Captioned web images
---*---

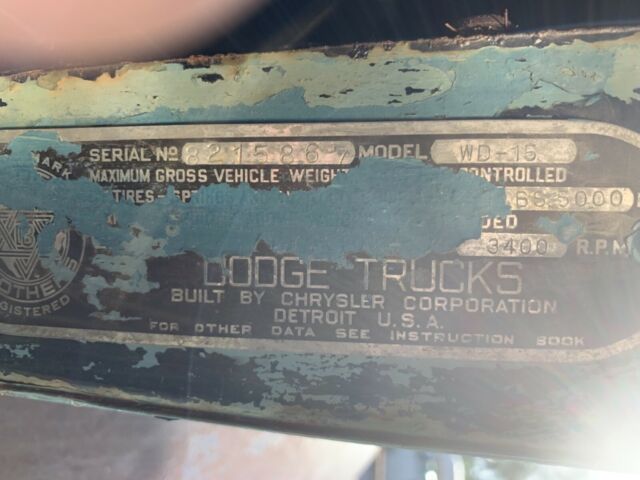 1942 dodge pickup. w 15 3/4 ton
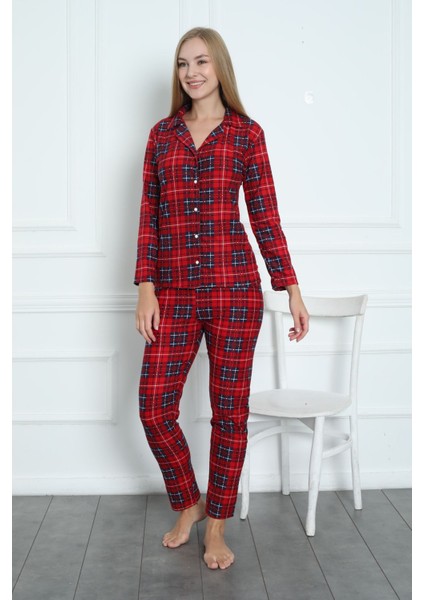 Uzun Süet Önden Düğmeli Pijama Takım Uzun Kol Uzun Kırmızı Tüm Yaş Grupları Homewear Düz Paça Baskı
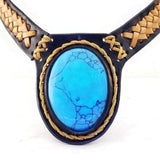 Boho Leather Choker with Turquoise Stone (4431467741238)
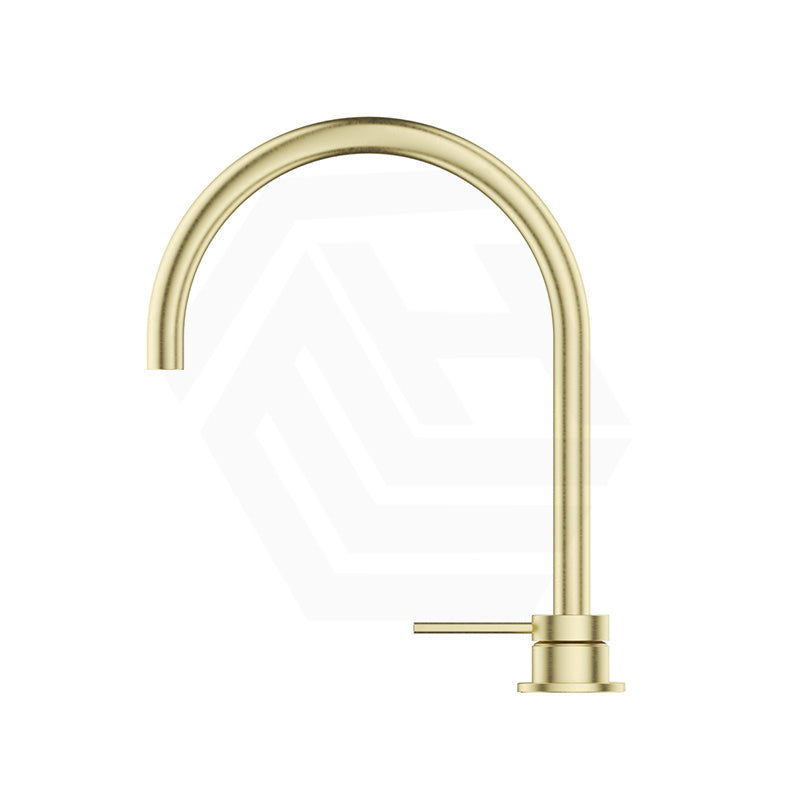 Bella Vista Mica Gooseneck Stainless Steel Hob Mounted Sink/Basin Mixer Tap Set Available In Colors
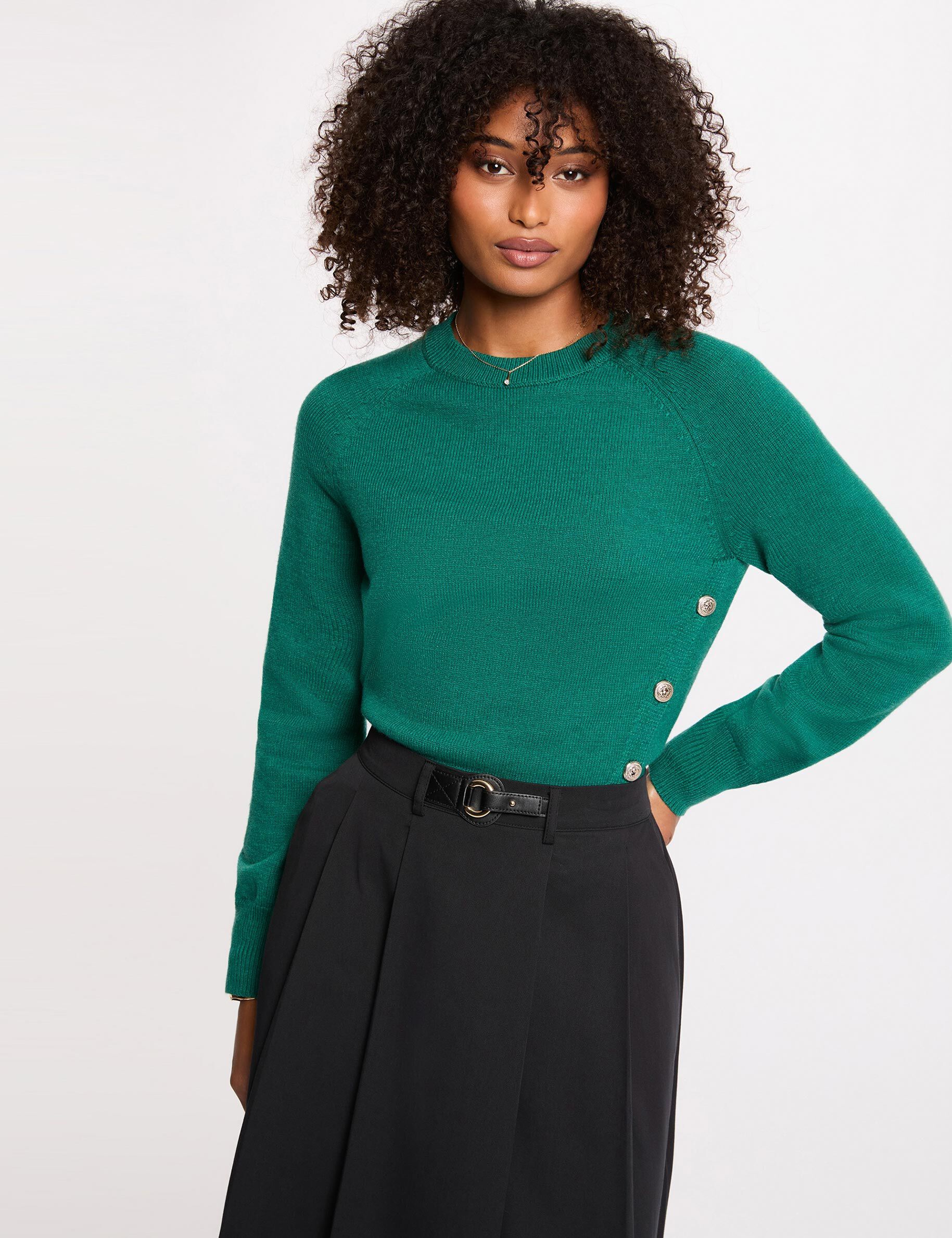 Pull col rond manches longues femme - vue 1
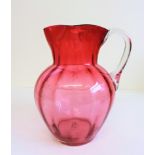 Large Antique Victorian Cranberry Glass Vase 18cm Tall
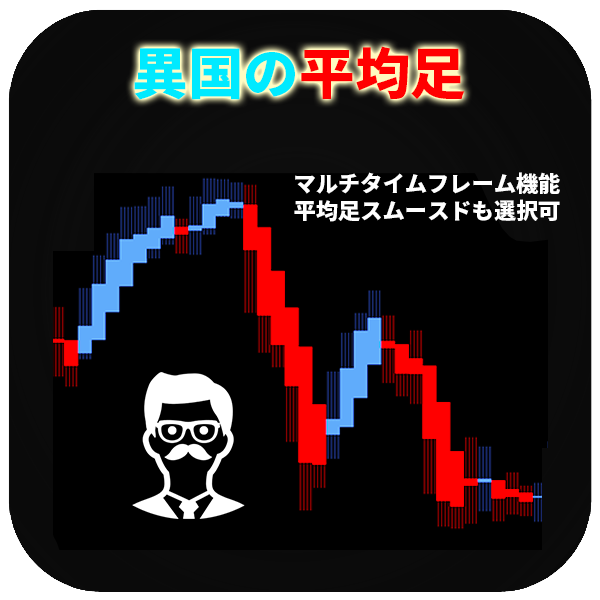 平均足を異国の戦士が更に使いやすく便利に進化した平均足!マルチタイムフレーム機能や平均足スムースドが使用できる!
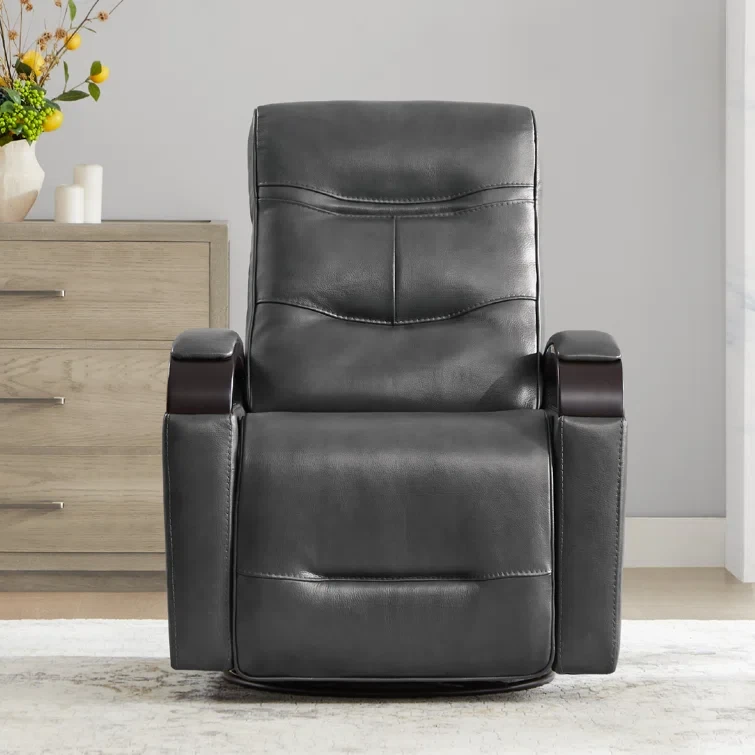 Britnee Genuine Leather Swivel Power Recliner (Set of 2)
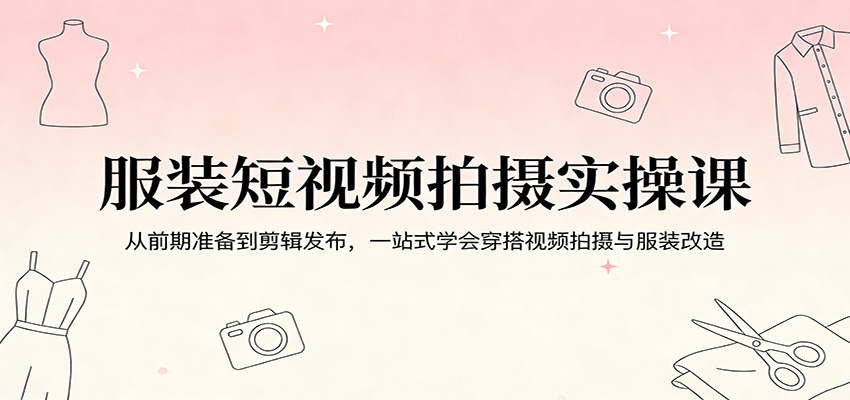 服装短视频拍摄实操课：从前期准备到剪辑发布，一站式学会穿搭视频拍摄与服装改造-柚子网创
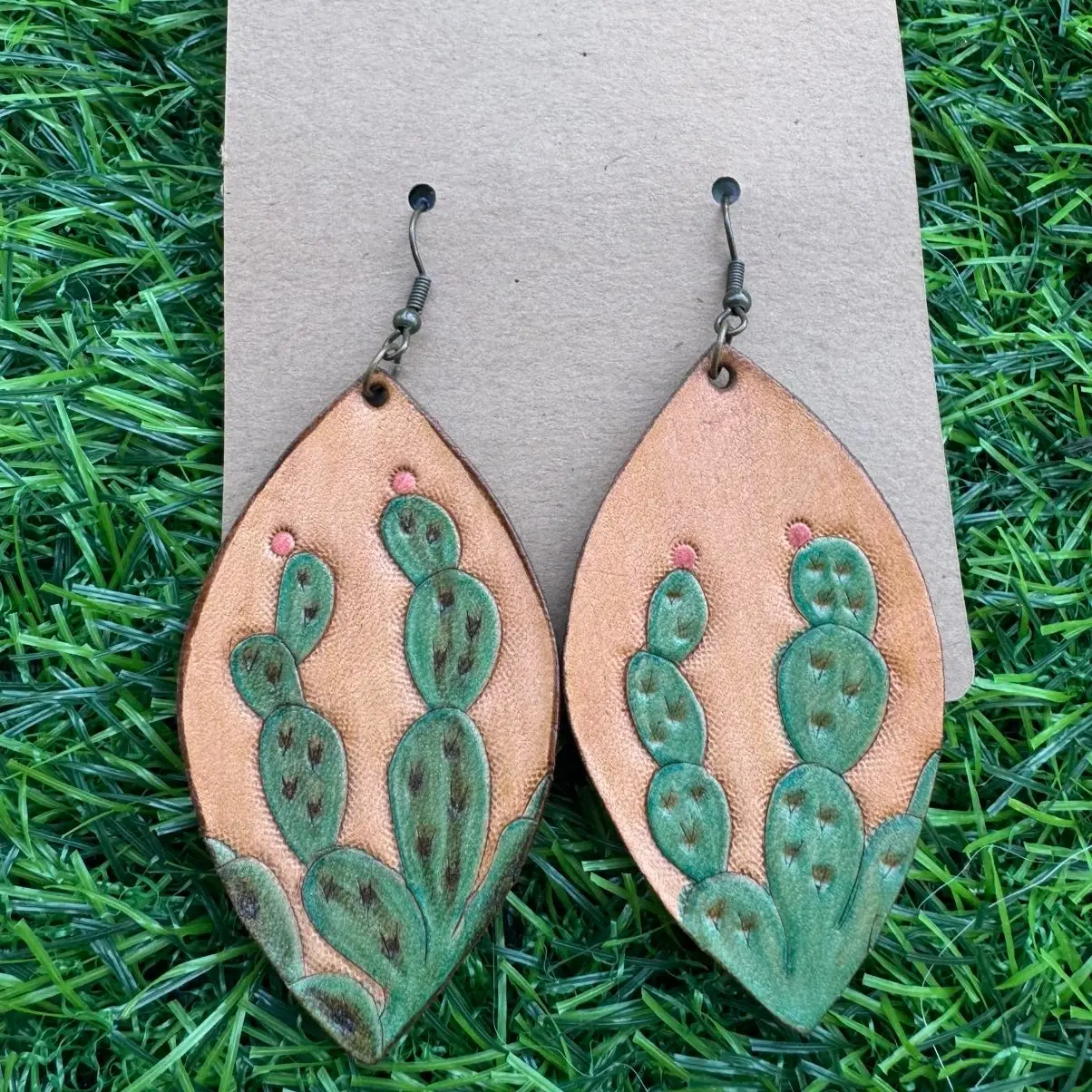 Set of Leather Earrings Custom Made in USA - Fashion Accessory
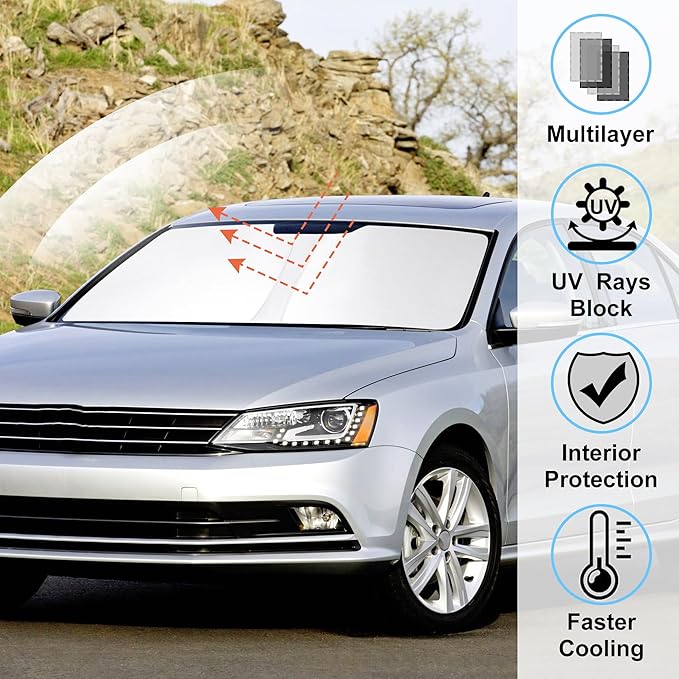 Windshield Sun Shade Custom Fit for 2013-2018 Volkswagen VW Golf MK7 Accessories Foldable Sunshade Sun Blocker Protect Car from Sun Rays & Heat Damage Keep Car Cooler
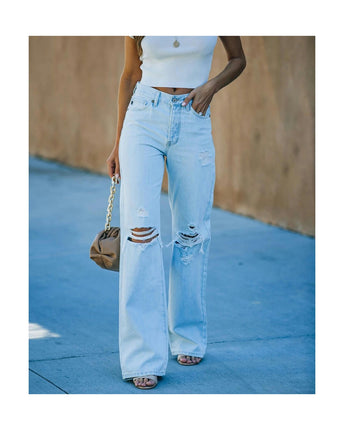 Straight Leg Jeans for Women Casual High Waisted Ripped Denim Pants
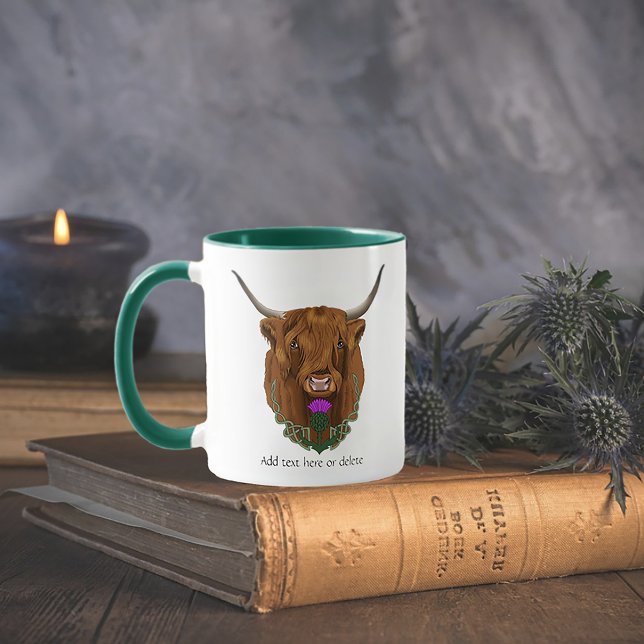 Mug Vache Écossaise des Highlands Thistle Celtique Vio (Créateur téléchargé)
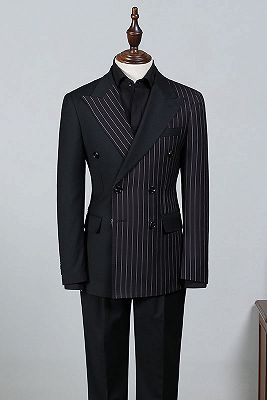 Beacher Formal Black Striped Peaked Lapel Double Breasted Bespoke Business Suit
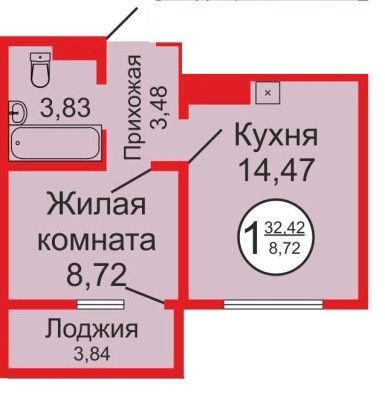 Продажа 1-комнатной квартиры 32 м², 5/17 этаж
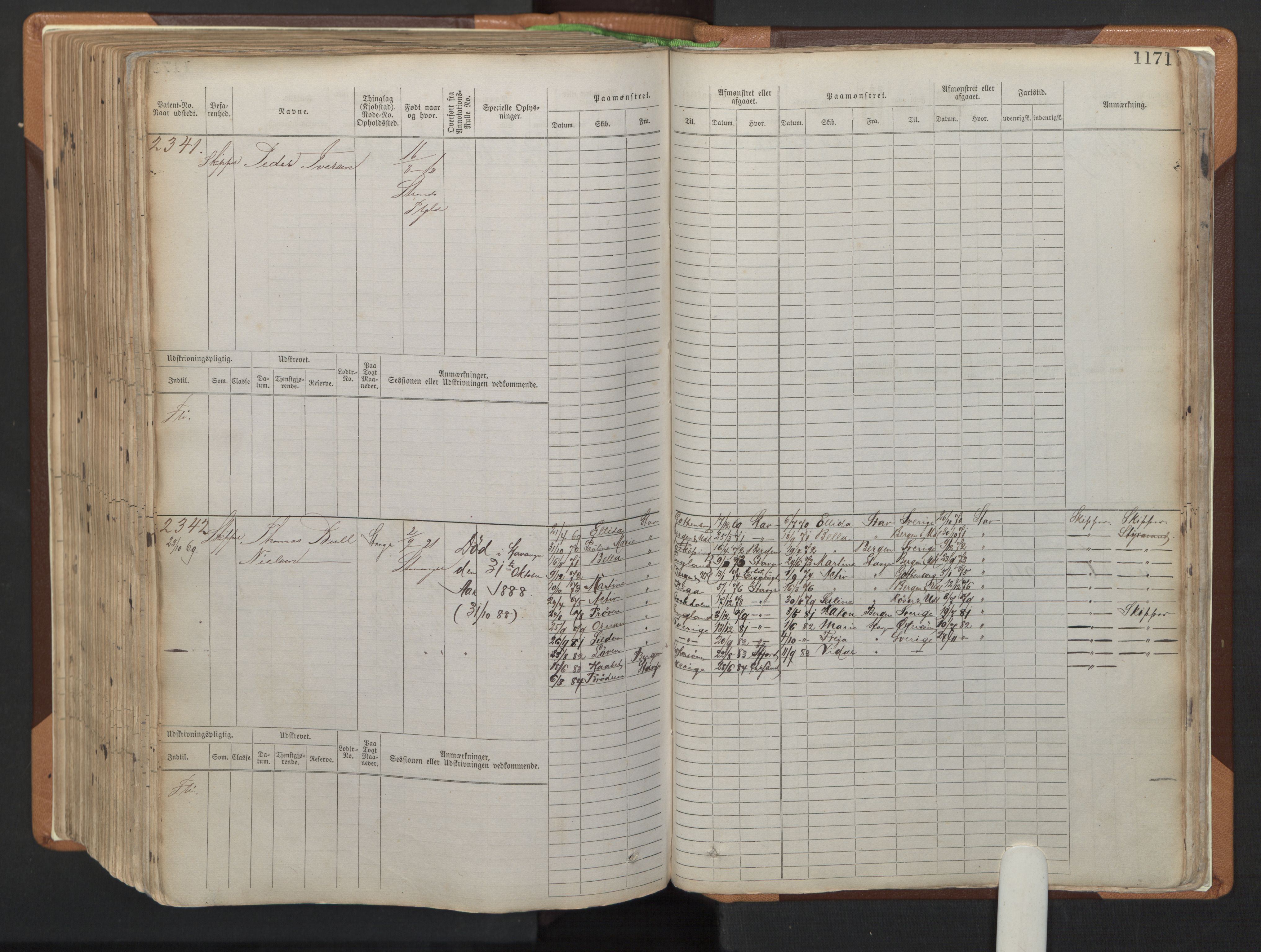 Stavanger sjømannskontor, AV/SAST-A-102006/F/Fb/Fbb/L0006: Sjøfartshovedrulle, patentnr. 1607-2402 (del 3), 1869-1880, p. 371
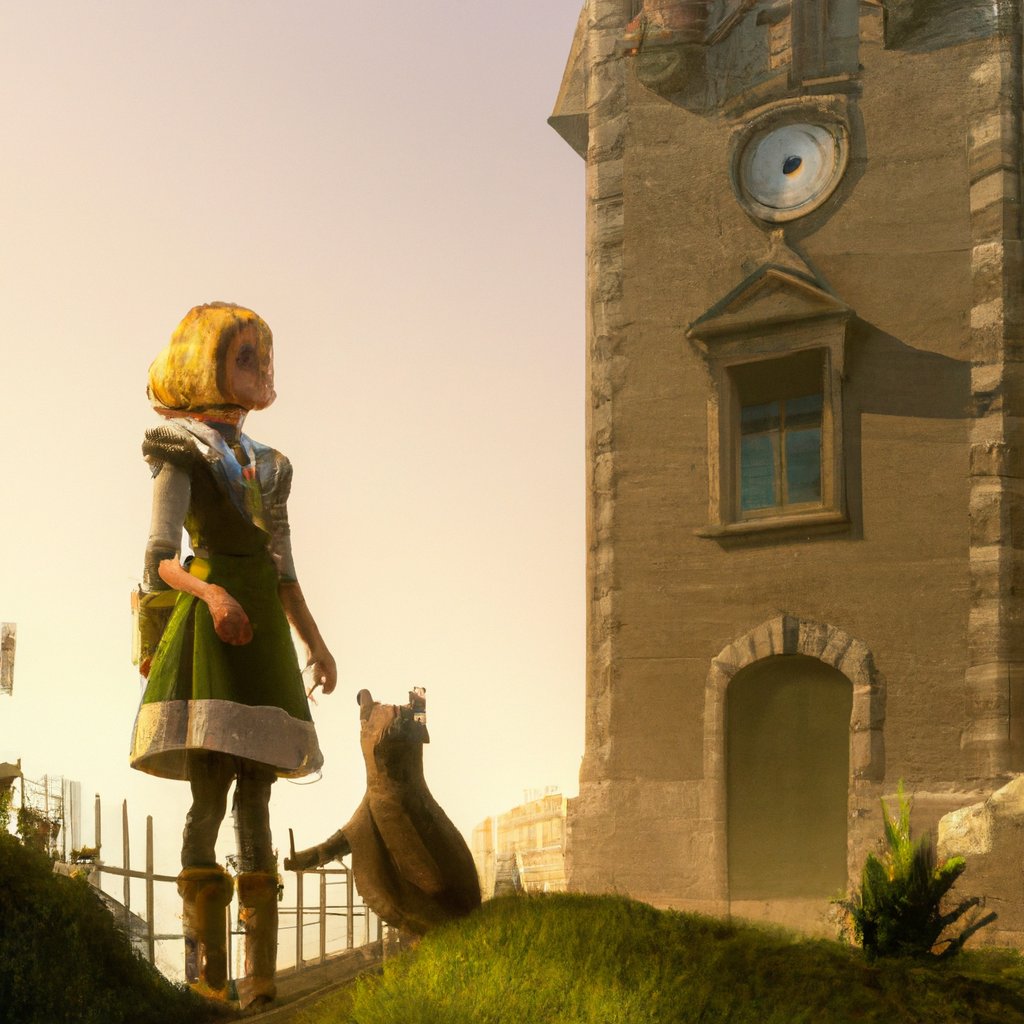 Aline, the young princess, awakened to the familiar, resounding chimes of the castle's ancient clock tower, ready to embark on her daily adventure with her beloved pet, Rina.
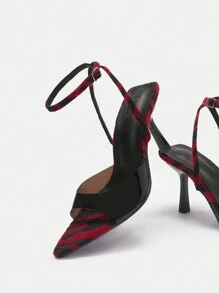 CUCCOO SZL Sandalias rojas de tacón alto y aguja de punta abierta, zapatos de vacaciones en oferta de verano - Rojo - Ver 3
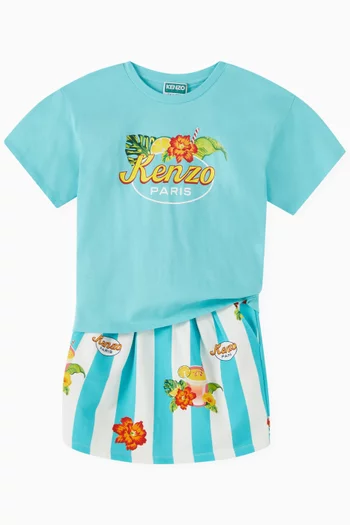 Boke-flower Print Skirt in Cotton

---*---

▶ The task:
Retype, word for word, the lines from the one with "Pull col rond manches longues femme - vue 1" through the last line of the entries above, and only those lines. Leave pictures out.

▶ Written response:
 Pull col rond manches longues femme - vue 1
 Large Antique Victorian Cranberry Glass Vase 18cm Tall
 平均足を異国の戦士が更に使いやすく便利に進化した平均足!マルチタイムフレーム機能や平均足スムースドが使用できる!
 Britnee Genuine Leather Swivel Power Recliner (Set of 2)
 服装短视频拍摄实操课：从前期准备到剪辑发布，一站式学会穿搭视频拍摄与服装改造-柚子网创
 Set of Leather Earrings Custom Made in USA - Fashion Accessory
 Windshield Sun Shade Custom Fit for 2013-2018 Volkswagen VW Golf MK7 Accessories Foldable Sunshade Sun Blocker Protect Car from Sun Rays & Heat Damage Keep Car Cooler
 Straight Leg Jeans for Women Casual High Waisted Ripped Denim Pants
 Mug Vache Écossaise des Highlands Thistle Celtique Vio (Créateur téléchargé)
 Beacher Formal Black Striped Peaked Lapel Double Breasted Bespoke Business Suit
 Продажа 1-комнатной квартиры 32 м², 5/17 этаж
 Stavanger sjømannskontor, AV/SAST-A-102006/F/Fb/Fbb/L0006: Sjøfartshovedrulle, patentnr. 1607-2402 (del 3), 1869-1880, p. 371
 Aline, the young princess, awakened to the familiar, resounding chimes of the castle's ancient clock tower, ready to embark on her daily adventure with her beloved pet, Rina.
 CUCCOO SZL Sandalias rojas de tacón alto y aguja de punta abierta, zapatos de vacaciones en oferta de verano - Rojo - Ver 3
 Boke-flower Print Skirt in Cotton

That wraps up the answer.